Rant of the Week

Oh my gawd-- Jane Fonda!  She and I were SO CLOSE.

 

THAT said, in the 10 years I took to write her biography, I observed many Janes. I saw the Jane with the agenda; the girlish, self-effacing Jane when she’s with men; the armchair shrink Jane who spouts advice about sex and love and exercise as if by rote whenever she’s on TV; the ruthless, hard-as-nails Jane in business and self-promotion; the generous Jane with friends in need; the loving grandmother-matriarch Jane; the celebrity Jane who in May walked down the red carpet at Cannes in a glittery white gown and left all the young starlets in her dust.  Patricia Bosworth, in the NY Times, September 25, 2011.

What is this?  I mind it.  All the young starlets "in her dust"?  You mean, she can be smart and shrewd and giving and all that and, oh, just for the fun of it, let's march down that red carpet at the age of 70 and prove that I am still more desirable than, say, Greta Gerwig, or Anne Hathaway, or Jessica Alba.  Poof!   It's not dust, Patricia, it's dried up embalming fluid.

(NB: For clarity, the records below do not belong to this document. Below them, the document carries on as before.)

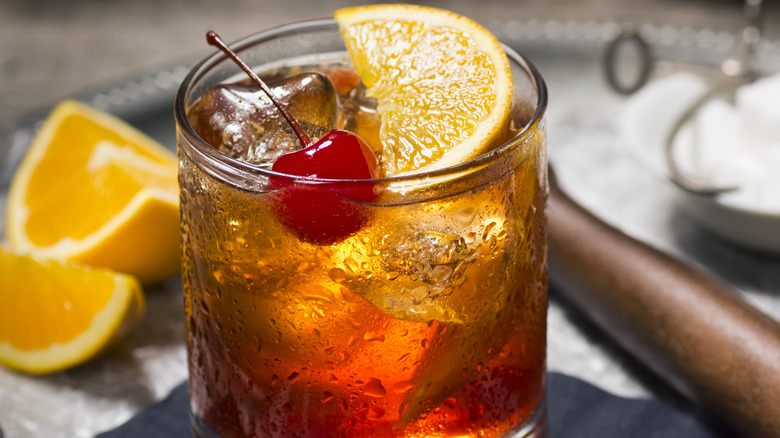 Old Fashioned with cherry and orange 
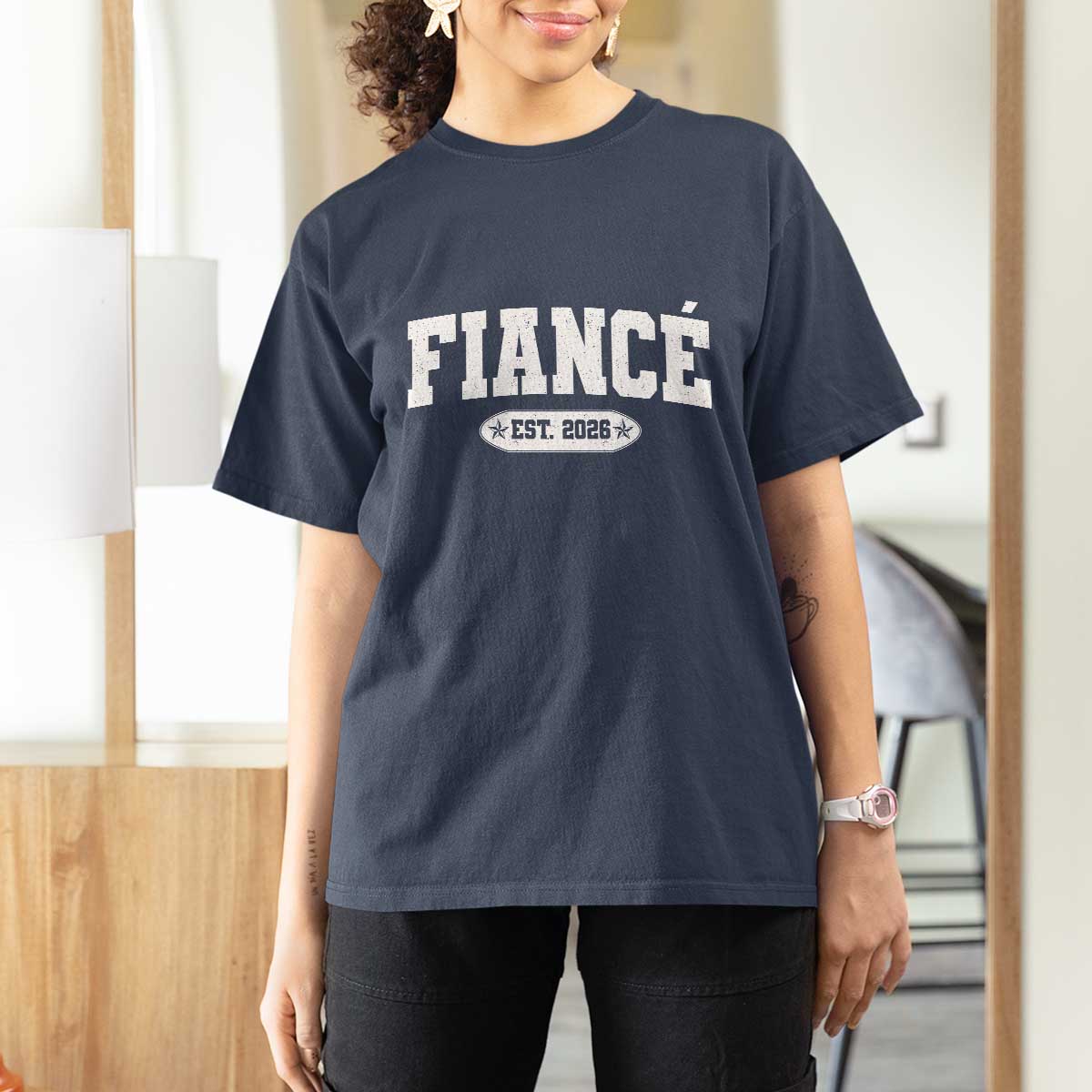 Fiance Est 2026 T Shirt For Women Future Mr. and Mrs. Boyfriend Engagement Gift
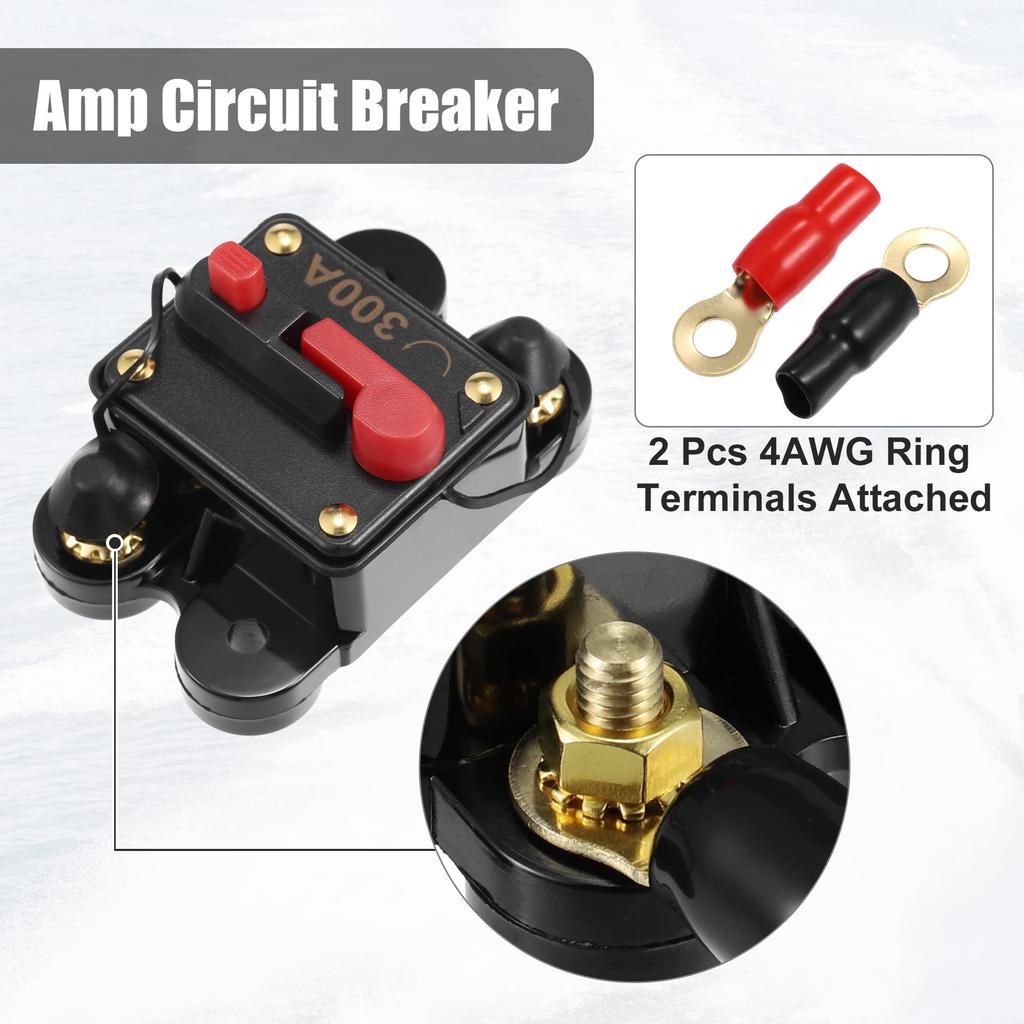 uxcell Car Circuit Breaker with Manual Reset Waterproof Car Audio Inline Circuit Breaker Fuse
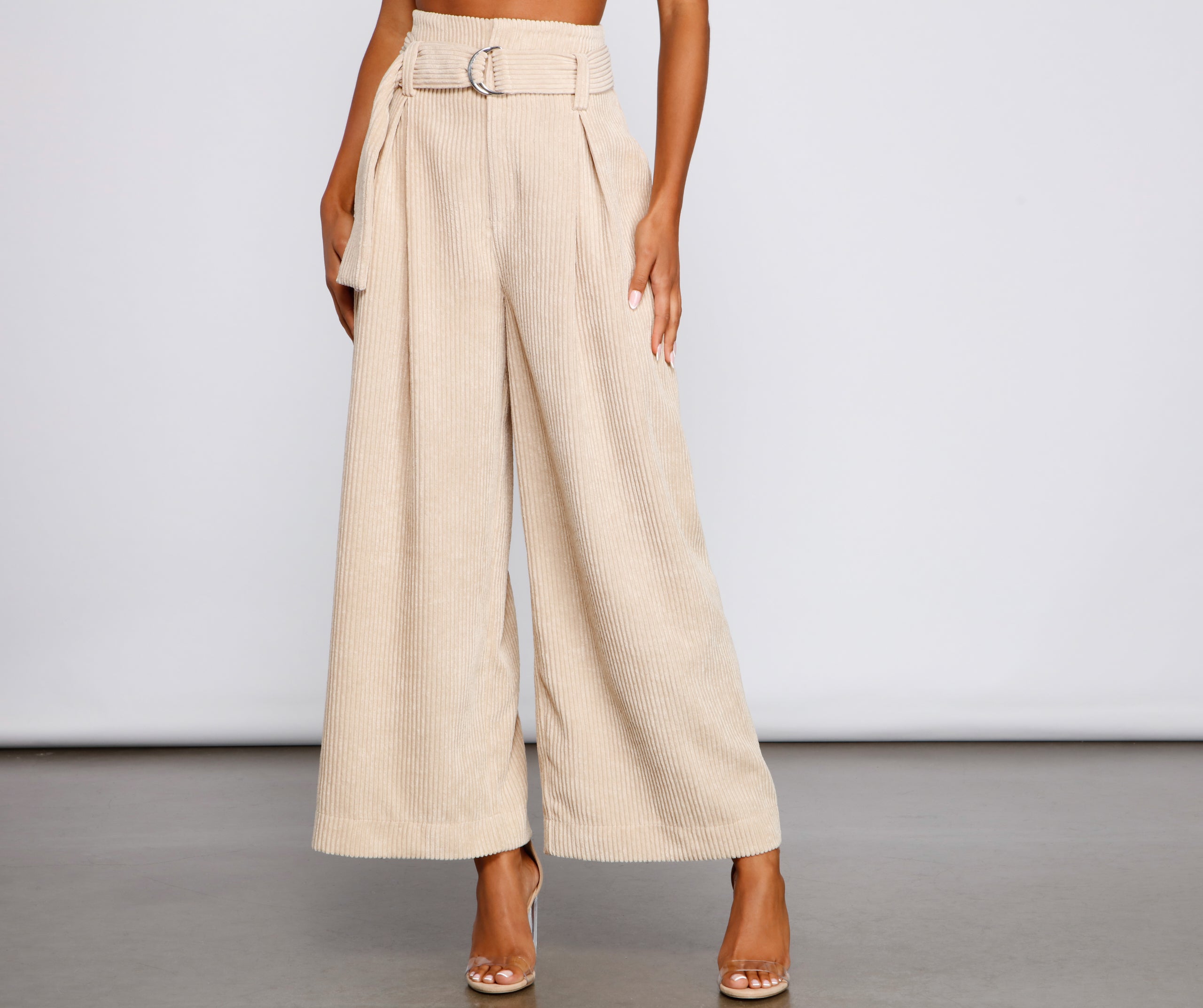 High Waist Flared Corduroy Pants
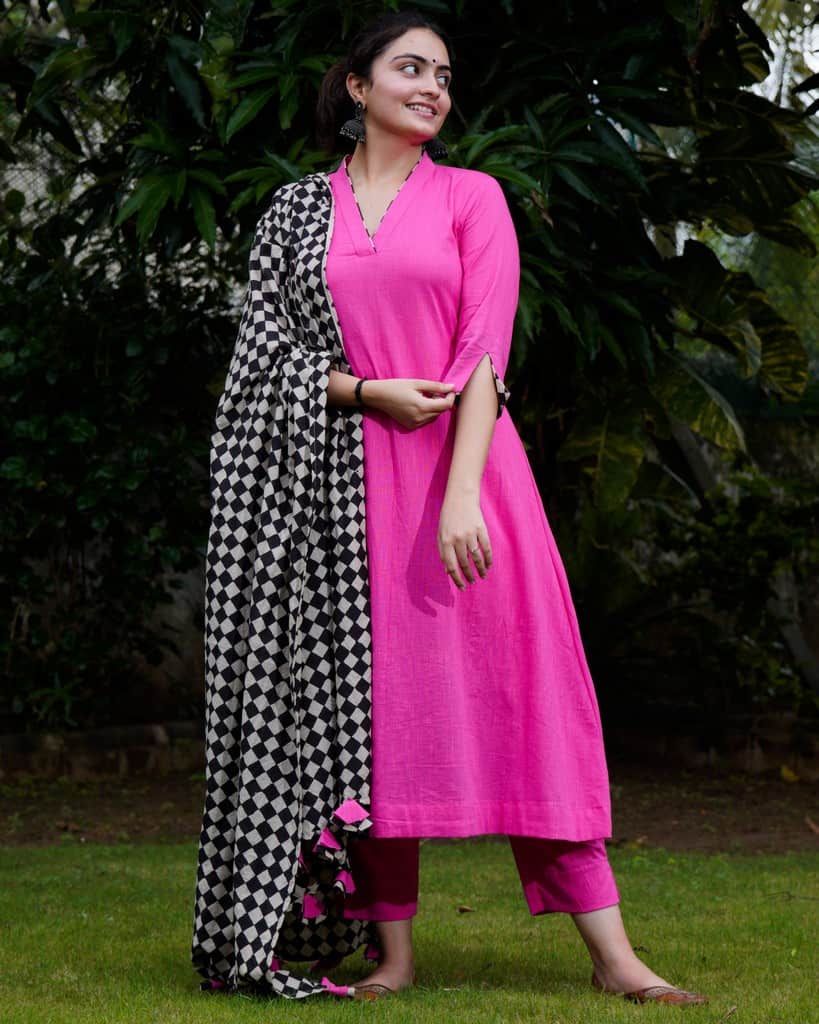 Fuchsia Pink Anarkali Maternity Kurta Set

Is that what it takes to get access to Fonda, and to her friends and professional colleagues?  To make sure that she understands that your biography will include lines like "and left all the young starlets in her dust"?  After the Viet Nam War and Roger Vadim and Tom Hayden and Klute and Ted Turner-- that's ultimately what always really mattered, isn't it?  To leave "all the young starlets in her dust"?